||In many parallel programs, run-time data redistribution is usually required to enhance data locality and reduce remote memory access on the distributed memory multicomputers. For the heterogeneous computation environment, irregular data redistributions can be used to adjust data assignment. Since data redistribution is performed at run-time, there is a performance trade-off between the efficiency of the new data distribution for a subsequent phase of an algorithm and the cost of redistributing array among processors. Thus, efficient methods for performing data redistribution are of great importance for the development of distributed memory compilers for data-parallel programming languages.|
For the regular data redistribution, two approaches are presented in this dissertation, indexing approach and packing/unpacking approach. In the indexing approach, we propose a generalized basic-cycle calculation (GBCC) technique to efficiently generate the communication sets for a BLOCK-CYCLIC(s) over P processors to BLOCK-CYCLIC(t) over Q processors data redistribution.
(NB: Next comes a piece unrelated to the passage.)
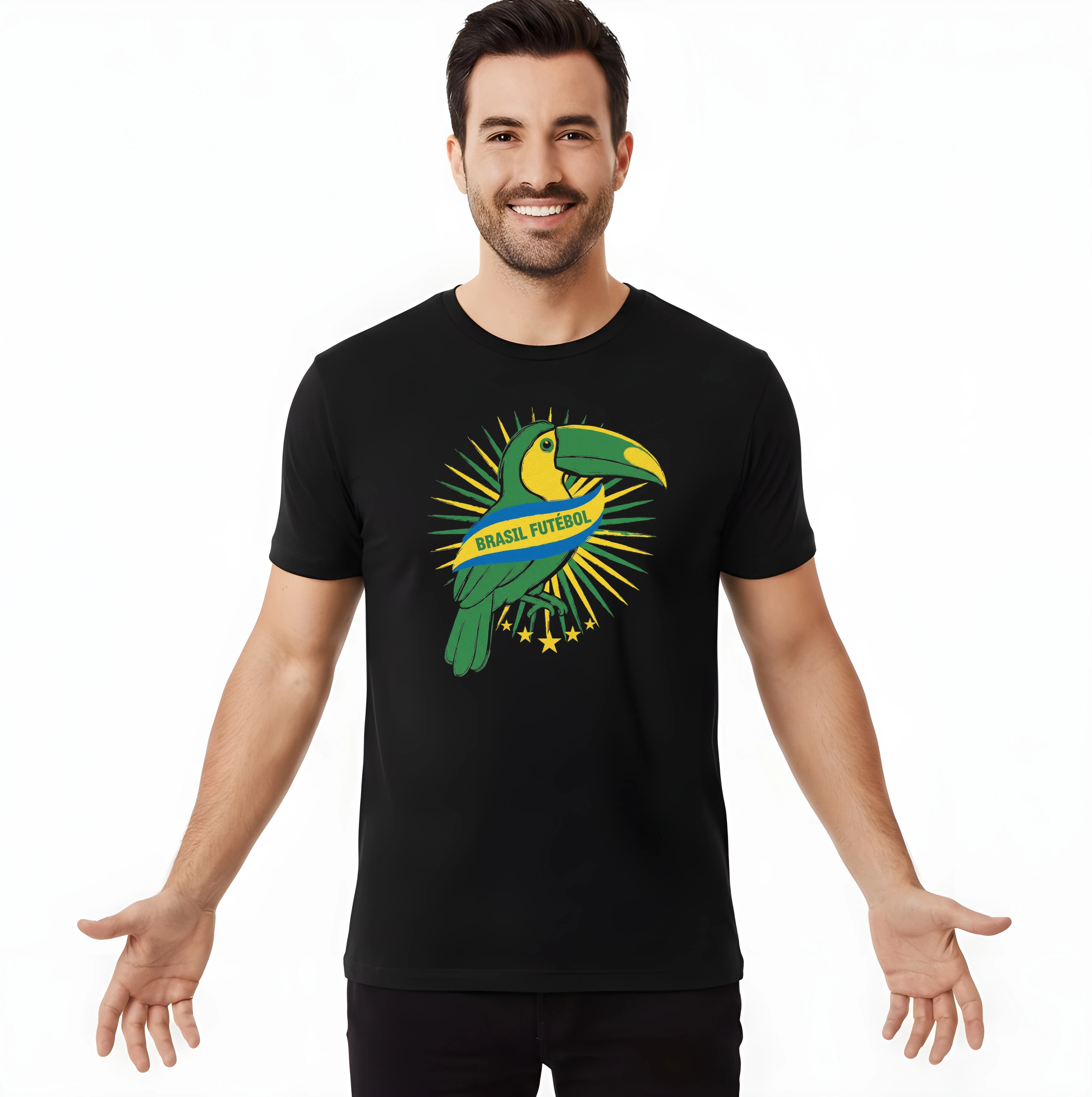 Pánske tričko Tukan Brasil Žiarivá Futbalová Vášeň V Zelenožltom Štýle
In the packing/unpacking approach, we present a User-Defined Types (UDT) method to perform BLOCK-CYCLIC(s) to BLOCK-CYCLIC(t) redistribution, using MPI user-defined datatypes. This method reduces the required memory buffers and avoids unnecessary movement of data. For the irregular data redistribution, in this dissertation, an Essential Cycle Calculation (ECC) method will be presented.
The above methods are originally developed for one dimension array. However, the multi-dimension array can also be performed by simply applying these methods dimension by dimension starting from the first (last) dimension if array is in column-major (row-major).